A jumble of seven wooden coffins of various sizes fills one corner of the room. Termites have turned parts of some of them into powder, while others have suffered only a thin layer of dust. Edwin Brock, an Egyptologist formerly at the American University of Cairo, is on his knees, cataloging the contents of a coffin filled with a strange assortment of pottery, rocks, cloth and natron—the powdery substance used to dry mummies. A couple of yards away, University of Chicago archaeological artist Susan Osgood intently sketches the serene yellow face painted on a partially intact coffin. It was likely built for a woman; men’s faces were typically rendered a sunburned red. Deeper in the pile, a child-size casket is nestled between two full-sized ones. Something resembling a pillow seems to bulge out of another casket. The 17-foot-long space, which has plain limestone walls, also holds a number of knee-high ceramic storage jars, most still sealed.
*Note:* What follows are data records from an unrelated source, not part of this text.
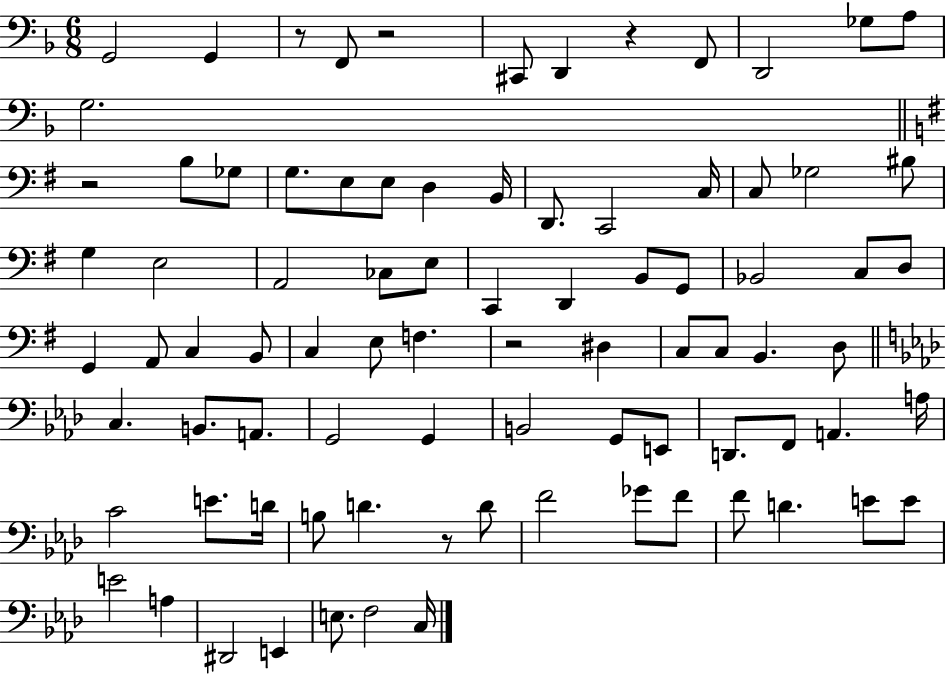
G2/h G2/q R/e F2/e R/h C#2/e D2/q R/q F2/e D2/h Gb3/e A3/e G3/h. R/h B3/e Gb3/e G3/e. E3/e E3/e D3/q B2/s D2/e. C2/h C3/s C3/e Gb3/h BIS3/e G3/q E3/h A2/h CES3/e E3/e C2/q D2/q B2/e G2/e Bb2/h C3/e D3/e G2/q A2/e C3/q B2/e C3/q E3/e F3/q. R/h D#3/q C3/e C3/e B2/q. D3/e C3/q. B2/e. A2/e. G2/h G2/q B2/h G2/e E2/e D2/e. F2/e A2/q. A3/s C4/h E4/e. D4/s B3/e D4/q. R/e D4/e F4/h Gb4/e F4/e F4/e D4/q. E4/e E4/e E4/h A3/q D#2/h E2/q E3/e. F3/h C3/s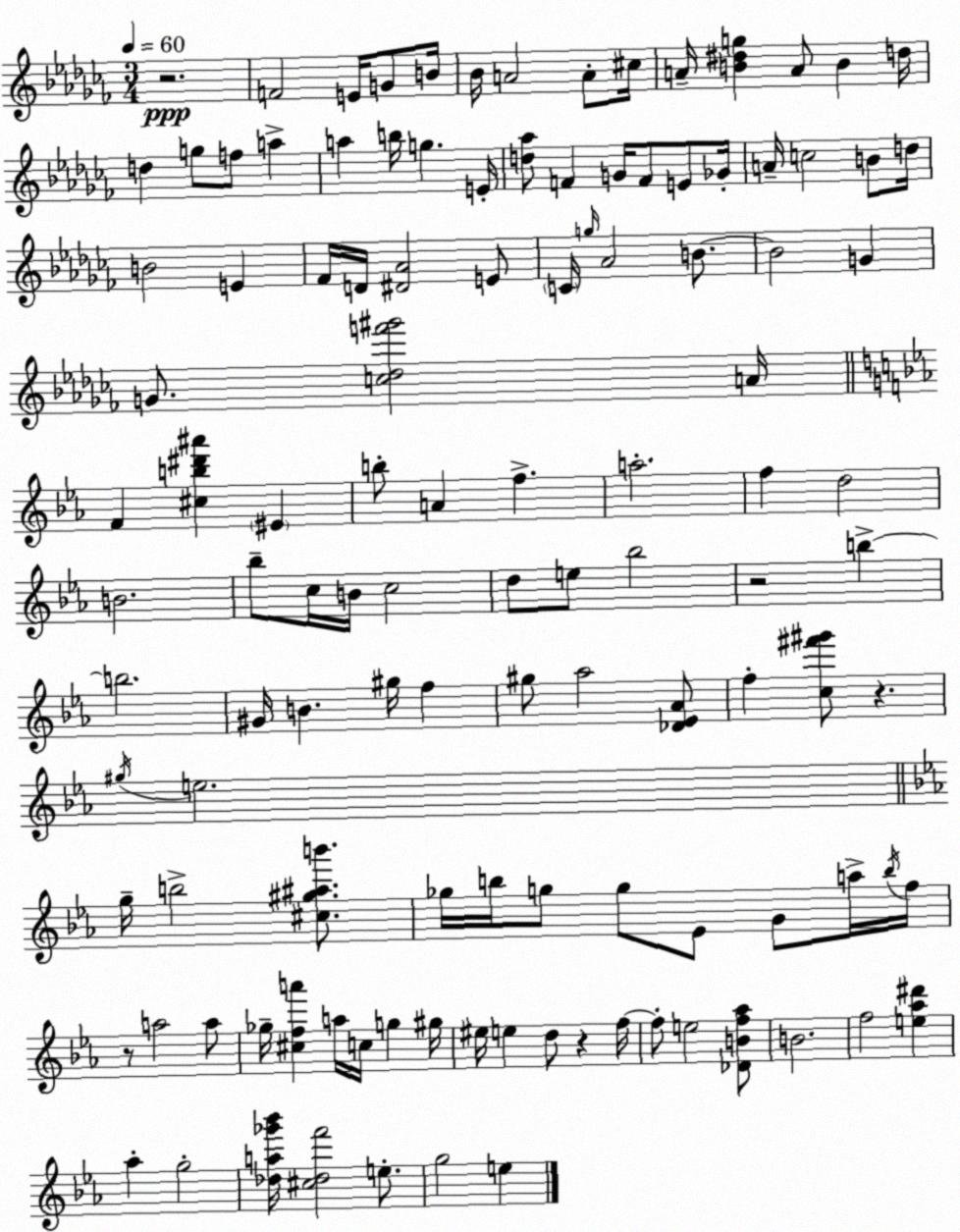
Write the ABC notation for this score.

X:1
T:Untitled
M:3/4
L:1/4
K:Abm
z2 F2 E/4 G/2 B/4 _B/4 A2 A/2 ^c/4 A/4 [B^dg] A/2 B d/4 d g/2 f/2 a a b/4 g E/4 [d_a]/2 F G/4 F/2 E/2 _G/4 A/4 c2 B/2 d/4 B2 E _F/4 D/4 [^D_A]2 E/2 C/4 g/4 _A2 B/2 B2 G G/2 [c_df'^g']2 A/4 F [^cb^d'^a'] ^E b/2 A f a2 f d2 B2 _b/2 c/4 B/4 c2 d/2 e/2 _b2 z2 b b2 ^G/4 B ^g/4 f ^g/2 _a2 [_D_E_A]/2 f [c^f'^g']/2 z ^g/4 e2 g/4 b2 [^c^g^ab']/2 _g/4 b/4 g/2 g/2 _E/2 G/2 a/4 b/4 f/4 z/2 a2 a/2 _g/4 [^cfa'] a/4 c/4 g ^g/4 ^e/4 e d/2 z f/4 f/2 e2 [_DBf_a]/2 B2 f2 [e_a^d'] _a g2 [_da_g'_b']/4 [^c_df']2 e/2 g2 e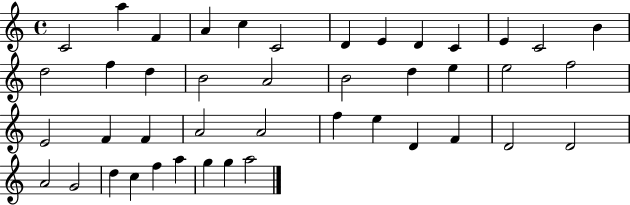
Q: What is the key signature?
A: C major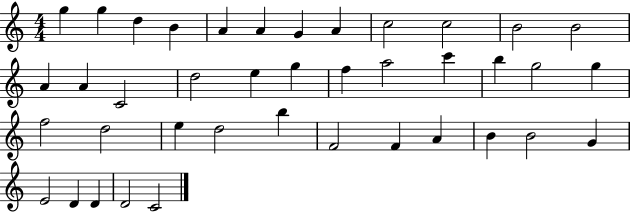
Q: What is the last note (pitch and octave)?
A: C4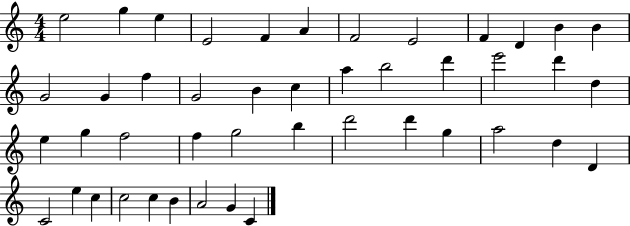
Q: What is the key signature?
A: C major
Nervous about bumping into someone—or worse, something—I make my way back out to the narrow shaft and climb to the surface with Otto Schaden, the dig’s director. Until this past February, he had worked in obscurity, splitting his time between studying a minor Pharaoh’s tomb nearby and playing bass fluegelhorn in a Chicago band. Back up amid the heat and tourists, the 68-year-old archaeologist pulls out tobacco and bread crumbs, thrusting the first into a pipe and flinging the second onto the ground for some twittering finches. Just yards away, visitors in shorts and hats are lining up to get into King Tut’s cramped tomb, named KV-62 because it was the 62nd tomb found in the Valley of the Kings.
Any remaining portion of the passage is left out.